Brooklinen Pops Up And Branches Out To Cap Off 2018

Brooklinen Pop-Ups Branch Out To End 2018

A luxury product paired with direct-to-consumer sales – which brings the luxury item’s price down into more solidly middle-class territory – is a model that has worked for all kinds of brands, across a variety of verticals. Apparel, mattresses and beauty products are just a few of the areas in which high-end offerings have been ported to consumers at a lower price than is typical for luxury goods.

The goods usually aren’t inexpensive, but they are more widely affordable than traditional luxury items tend to be.

Brooklinen applies that philosophy to the sale of sheets and towels, pitched as offering consumers “a new best friend when it comes to finding high-quality sheets and towels at a price that won’t keep you up at night.”

And while most bedding companies tend to offer marketing in the same vein, it is worth nothing that Brooklinen’s long-staple cotton products have elicited a pretty steady drumbeat of praise from any and all reviewers who have slept upon its 270- to 480-thread-count sheets and duvets.

One noted that the sheets had a “softness normally reserved for, say, puppies and baby koalas.” Another raved that they were “crisp and classic,” while yet a third wondered if they were “sent from heaven.”

A single set of sheets starts at $99, and prices range from there depending on what type of sheets the consumer chooses (Brooklinen has four varieties, ranging with 270-count classic cotton to limited-edition linen sheets that start at $225 a set), and whether or not they purchase a bundle.

The firm also bills its sheets as being untreated by chemicals, and offers a lifetime warranty on their product line – which, over time, has expanded, and is currently in the process of changing venues.

Though its early offerings were sheets and towels, Brooklinen has grown into more of an entire bedding boutique online. Down (and synthetic down) comforters have jumped into the line-up, as have blankets and various bedtime accessories, like scented candles.

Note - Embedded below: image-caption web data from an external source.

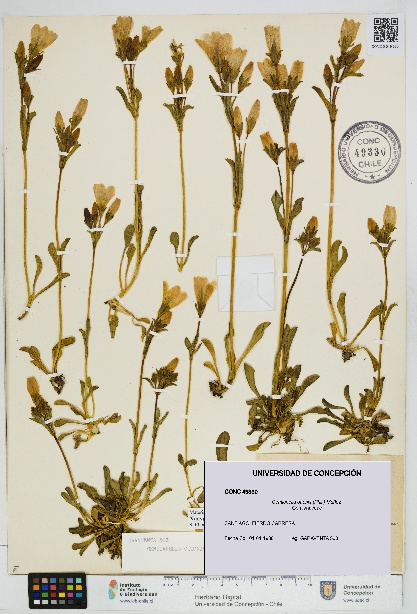 Gentianella ottonis [Espécimen: UDEC:CONC:0049330]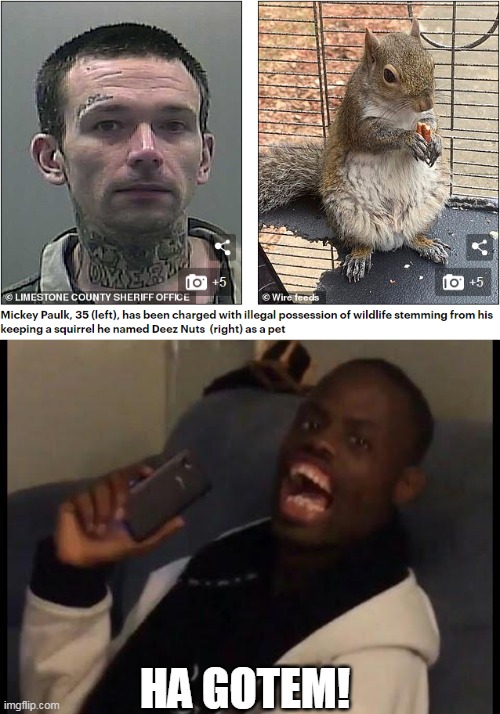 a squirrel named "Deez Nuts"? | HA GOTEM! | image tagged in deez nuts,squirrel | made w/ Imgflip meme maker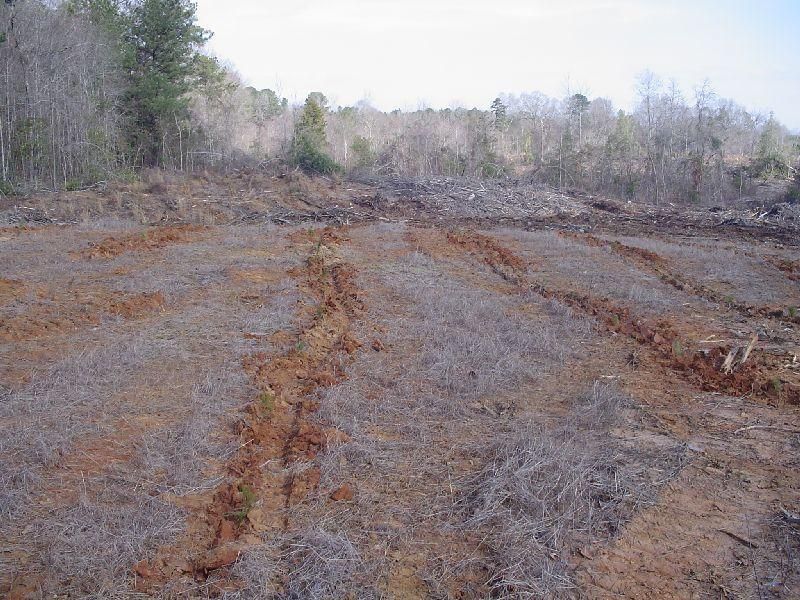 27 acres in Newton County, Mississippi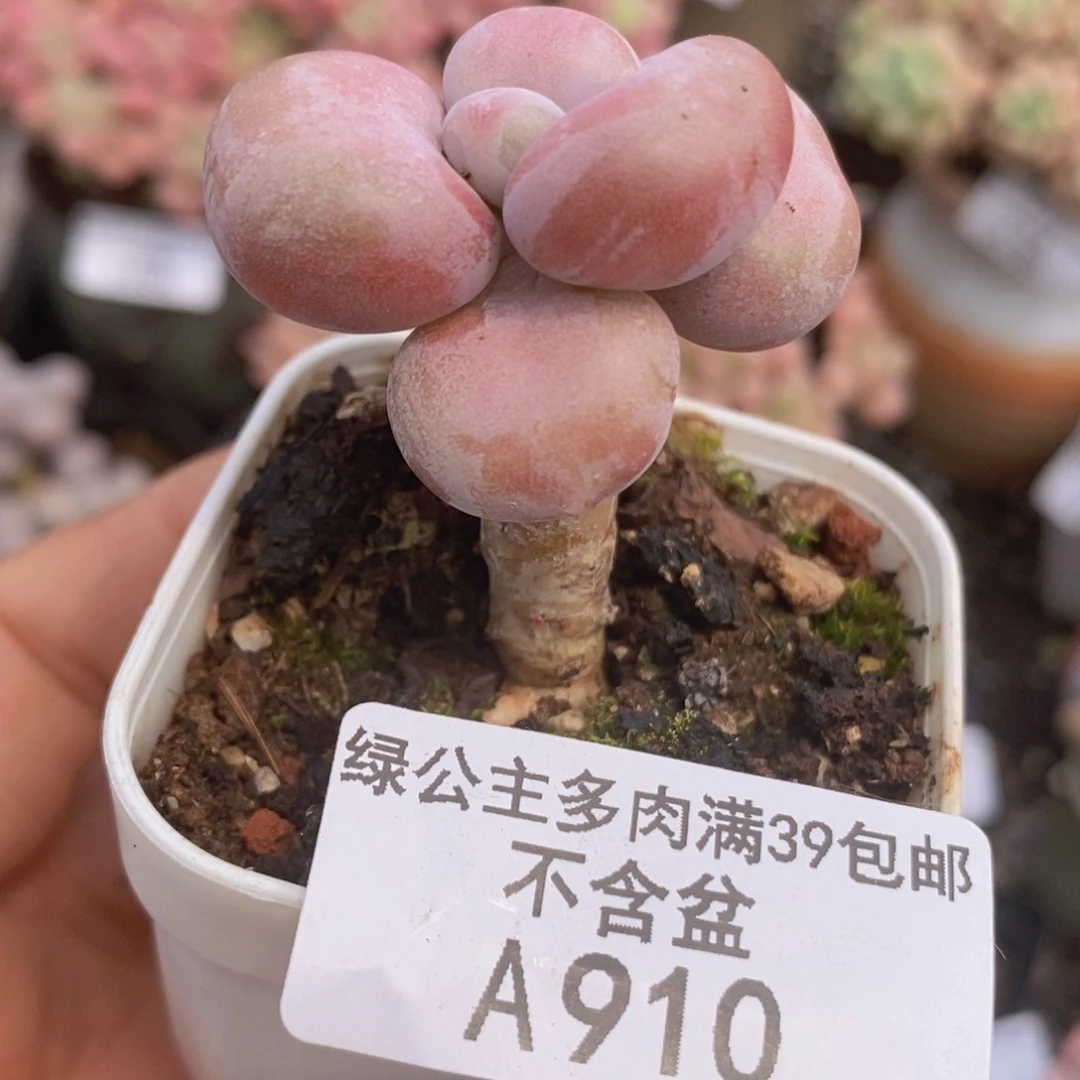 水晶桃蛋4cm910多肉植物
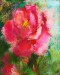 another peony1abcf whole 1.jpg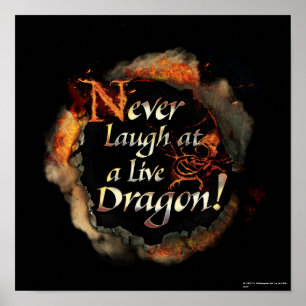 SMAUG™ - Nooit Logo grafisch lachen Poster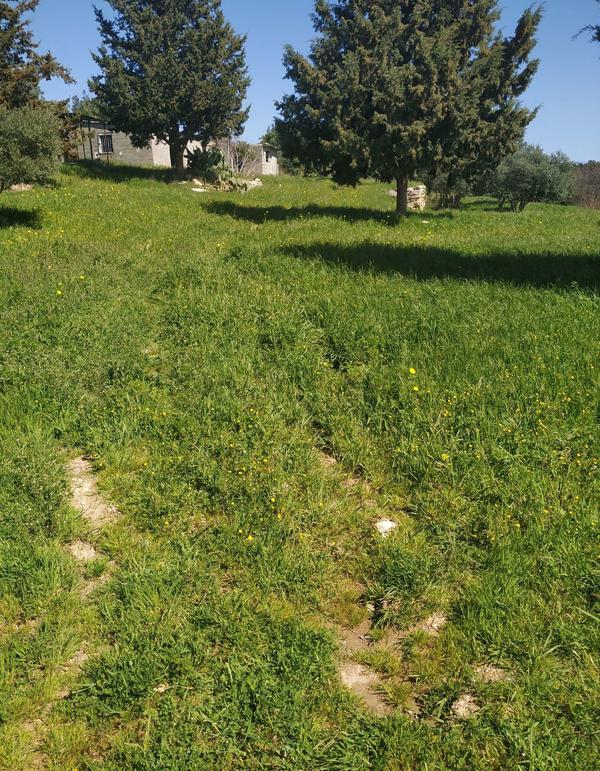  Land in Limassol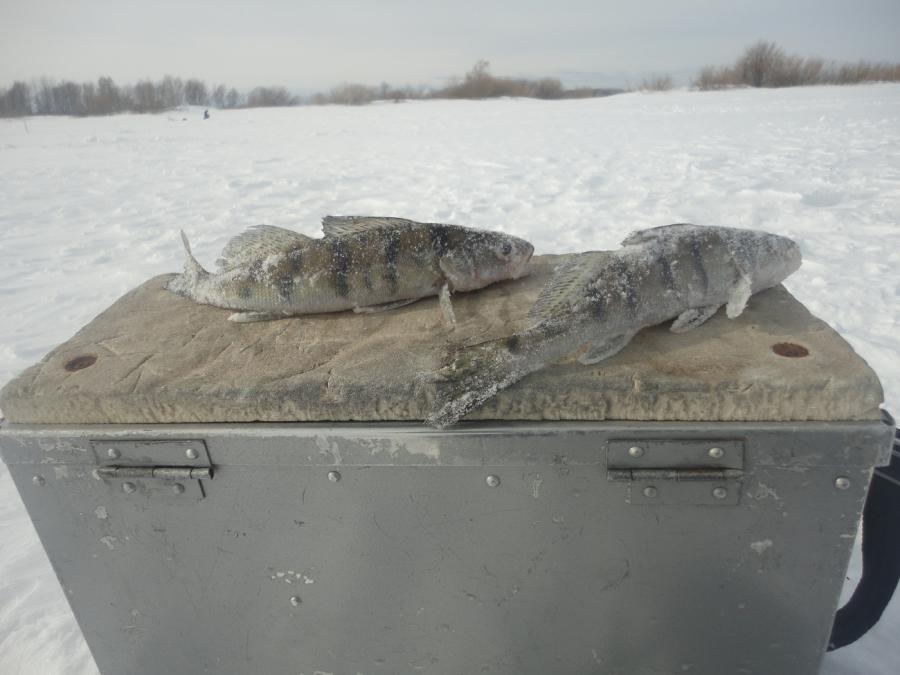 Присоединённое изображение:
- 3.jpg
- Размер: 385,05кб, Скачано: 25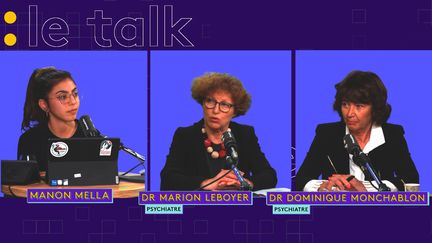 Les psychiatres Dr Marion Leboyer&nbsp;et Dr Dominique Monchablon,&nbsp;invitées du Talk de franceinfo le 14 octobre 2022. (CAPTURE D'ECRAN TWITCH)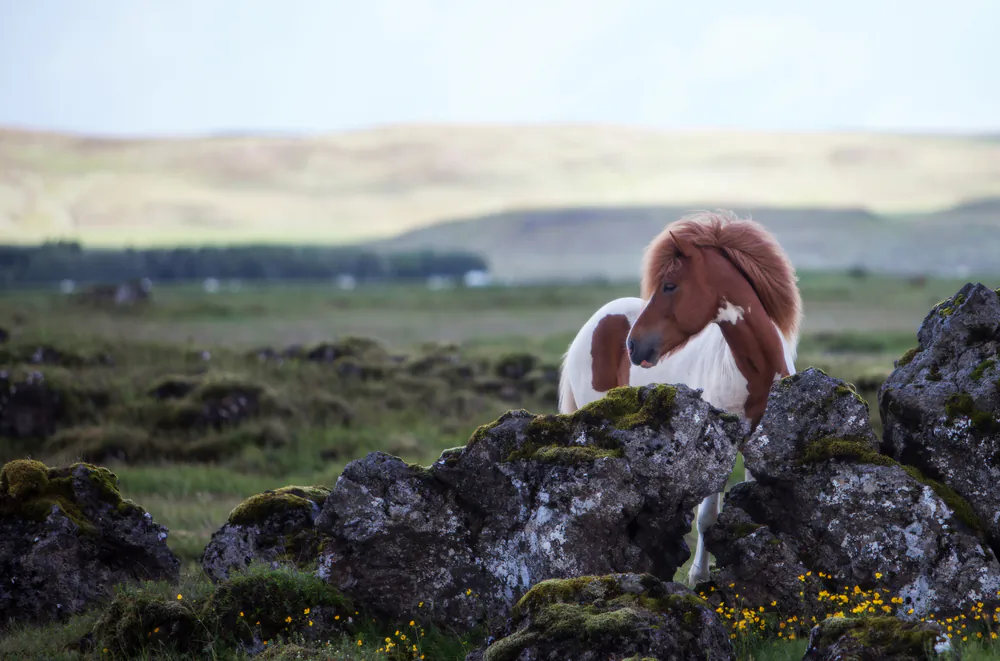 Beautiful Icelandic horse standing in a meadow on a dull. (*Shutterstock)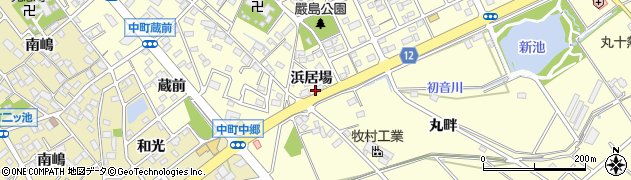 愛知県豊田市中町浜居場周辺の地図
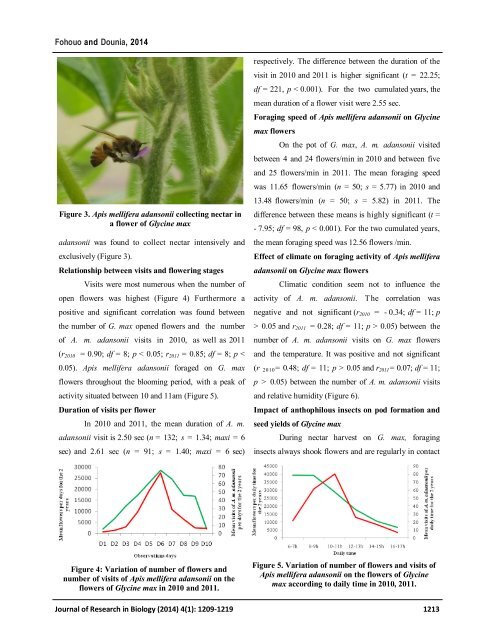 Foraging and pollination behavior of Apis mellifera adansonii Latreille (Hymenoptera: Apidae) on Glycine max L. (Fabaceae) flowers at Maroua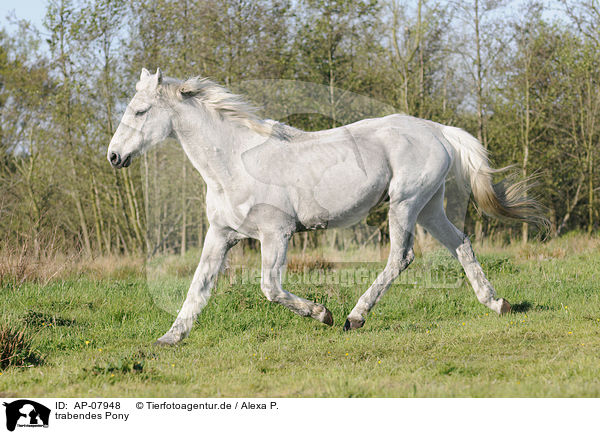 trabendes Pony / trotting Pony / AP-07948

The company is also expanding its roster of customers, perhaps realizing that its core base of young millennials are becoming older millennials who are starting families. Those customers aren’t just shopping for their own sheets anymore – they are shopping for the next generation.

And so earlier this month, Brooklinen rolled out Brooklittles, its line of bedding for babies and very young kids. The new offerings keep the same cool, crisp and simple aesthetic for which the brand is already known. Instead of cutesy images, the first collection features gender-neutral prints, like little yellow triangles or blue matchsticks. It also features a set of sheets with a tribute to their home city, complete with taxi cabs, the Empire State Building and pretzels. The collection also includes baby blankets, baby quilts, baby swaddle sets and a stuffed llama named Lulu, the mascot for the entire collection.

Selling more things is only part of Brooklinen’s expansion in late 2018. The firm will also be operating a pop-up shop for the next four months in New York City.

The shop will sell sheets in real time, for the customer to take home from the shop. This is somewhat counter to other online brands’ experiments with pop-up shops, which tend to let consumers experience the goods in real life, but still push the actual ordering online. Brooklinen is opting to hold inventory in the store so that purchasing customers can take home their wares. According to the company, the best way to convert a customer who is on the fence is to offer the chance to walk out with the goods.

And the goal, Co-founder and CEO Rich Fulop explained, has been very intentional: The firm wants a chance to directly experience their customers in person, and in a variety of shopping environments.

“We’re doing a four-month pop-up to learn as much as we can and talk to customers,” said Fulop. “We understand that shopping picks up ahead of the holidays, so we set it up to go through the holidays and then into the slower time following the holidays. We want to see the difference between holiday season and through to February so we don’t get a false positive in terms of the model.”